After the Storm
Easter Sunday on Block Island was beautiful, sunny, not too warm, with a dip of short-lived clouds in the afternoon before a golden end.
Monday, I looked out and saw the egret closer to the house than I’d ever seen it, walking down the lane just beneath my dining room window. It is usually right around now that I first notice the white wings and see the elegant bird glide down into the swamp at the north end of the pond, and I had a day or two earlier. The weather was shifting, later the storm began and grew and raged through the night, the reported wind gusts reaching 79 mph, the highest in the state. It was, again, hard from the east, the wind I feel and dread the most. Tuesday the sun shone, the sky was blue with layers of white clouds, that no-there-wasn’t-really-a-storm look Nature is so good at assuming. But the wind was still blowing, gone round and hard
from the west, knocking down the waves, making it look almost as though the boat should have run.
Then there are the giveaways, the sheet of foamy water stretching far up the beach, much higher than it should have given the time of the tide, and spray tossed back from the crest of the waves, and reaching straight up further north where the shore is narrow and rocky. It would have been rough out there.
I watched it for a while, pulled over by the monument, to look at the water and noticed the clumps of beach grass, pale sticks, that had been planted not so long ago, but held fast through the blow, a hopeful sign that they will be softly green in a few months, spreading over time, sand collecting around them, turning their roots to anchors.
It is easy, after five on a mid-April day, to be captivated by the motion of an angry but calming sea, the sun that would have set an hour earlier in the depths of December, still high and bright, sliding diagonally to the spot of its disappearance, north of west, illuminating the spray, turning it all to tiny prisms. It was a while before it registered that the working vessels, notably the big barge, here to facilitate the splicing of the cables, were gone.

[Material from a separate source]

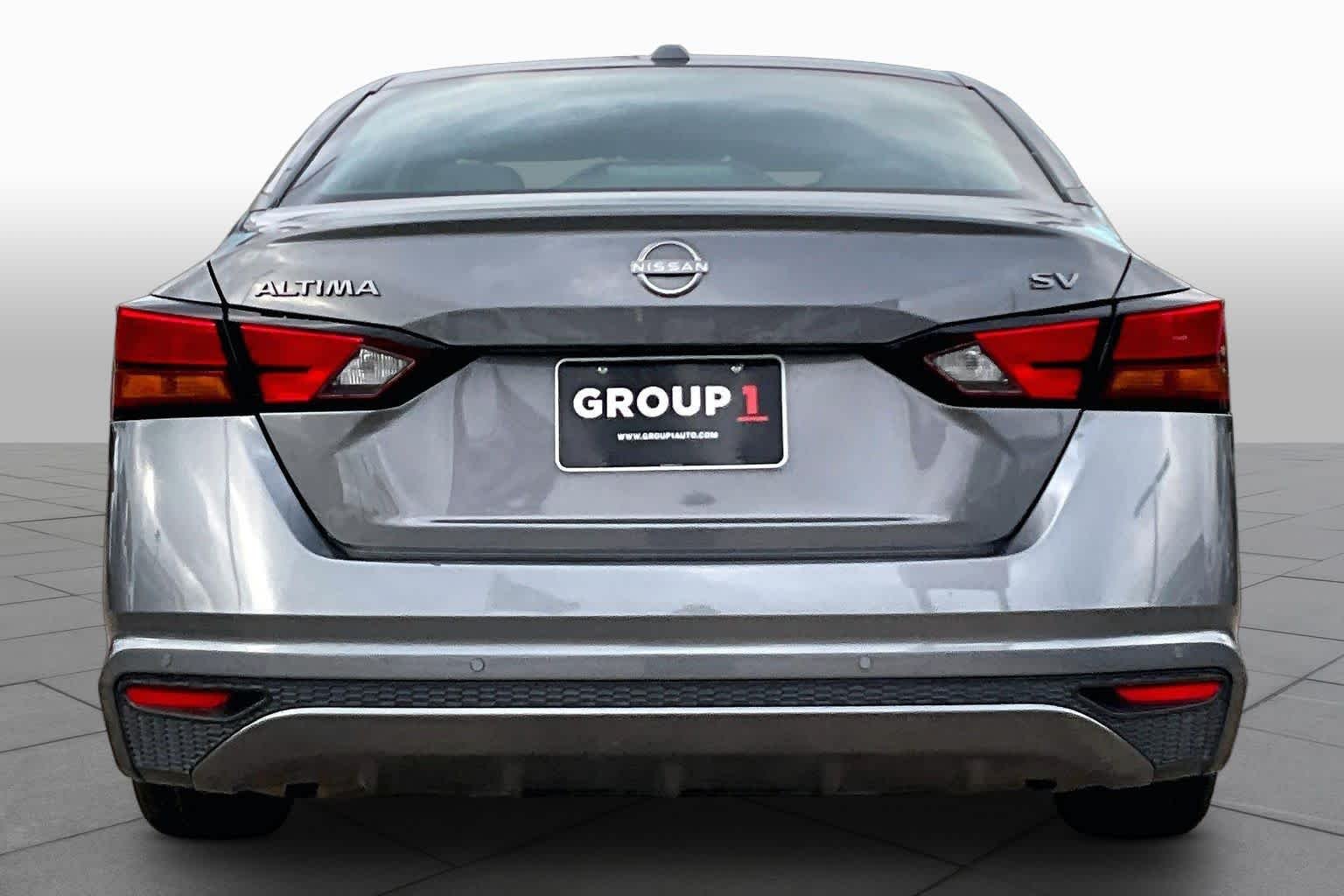 Used 2024 Gun Metallic Nissan 2.5 SV image 5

They had had to move before, round to the relative shelter of the New Harbor, but this time they were finished, the work done and tested before the storm. Back a spell when they had said they would return, needing five straight days of good weather I bit my tongue, thinking we have beautiful April days but we also have more days of March refusing to leave, slipping back in with roaring wind and heavy surf, making sweet April showers
floods, soft breezes biting gales.
It is mid-April, the week of many school vacations, of Patriots Day, a little history lesson, a holiday in Massachusetts (Lexington and Concord) and Maine (part of Massachusetts until the Missouri Compromise), and would be still on Block Island if we hadn’t been swept into the Rhode Island colony in 1664. The holiday — if not the date, another moving Monday holiday — was the ninth anniversary of the Marathon Bombing, a reminder of
horror being met by solidarity that swept a whole city and its surrounds. And sports rivals.
We have another planned, announced power outage tomorrow. It isn’t going to be for so long, and we know it is coming but like the last two, planned, announced, painstakingly publicized, I find it oddly unsettling.
I grew up here, when I was little some people still did not have electricity. The population was at its nadir, the power company was small. When houses were built on the road and one lady did the unthinkable, washed sheets every morning — we had a dug well, perhaps ten feet deep, steadily fed by an underground stream but we were cautious and laundry every day was unthinkable. And she had an automatic washing machine, a great consumer of water, and apparently electricity.
Our television, our little black and white box, went snowy and Captain Kangaroo disappeared. So-and-so is washing her sheets, my mother would proclaim. And a while later we would see them on the line back when the land was clear and sight lines were so different.
We got our own transformer, we and the farm next door as well. Many years later I realized it had more to do with chest freezers than Captain Kangaroo. My father insisted there was no need to worry about a lightning strike, it would be drawn to the transformer, higher than the house. Fifty some years later I saw that flash of white light coupled with a crash, at the corner of the yard; the transformer, finally, had provided that promised protection.
I think I’ve calmed down over the years as service has become more reliable. I did not have an electric clock for a very long time then realized it was the only kind that would keep buzzing in the morning, long after my wonderful Big Ben alarm had stopped clanging, and I only had to adjust it every few days. My 12 gallons of water have been reduced to six. I keep the landline I never answer but more than anything, have decided the past few years outages are just not the problem they used to be, or could have been had all my worst fears materialized.
And it’s not 1965, the whole of the Neck isn’t snowed in for a few days at a time.
Now, the power goes out and I wait a minute before getting up to see if town is dark, which is oddly reassuring, the whole island a void. Once I looked out soon enough to see the emergency lights on the tall towers come on. Now, I give it a minute before I bother to look; last time it came back on in that short time.
Perhaps that is why I am unsettled over a planned outage, I have become spoiled, unaccustomed to what used to be the norm.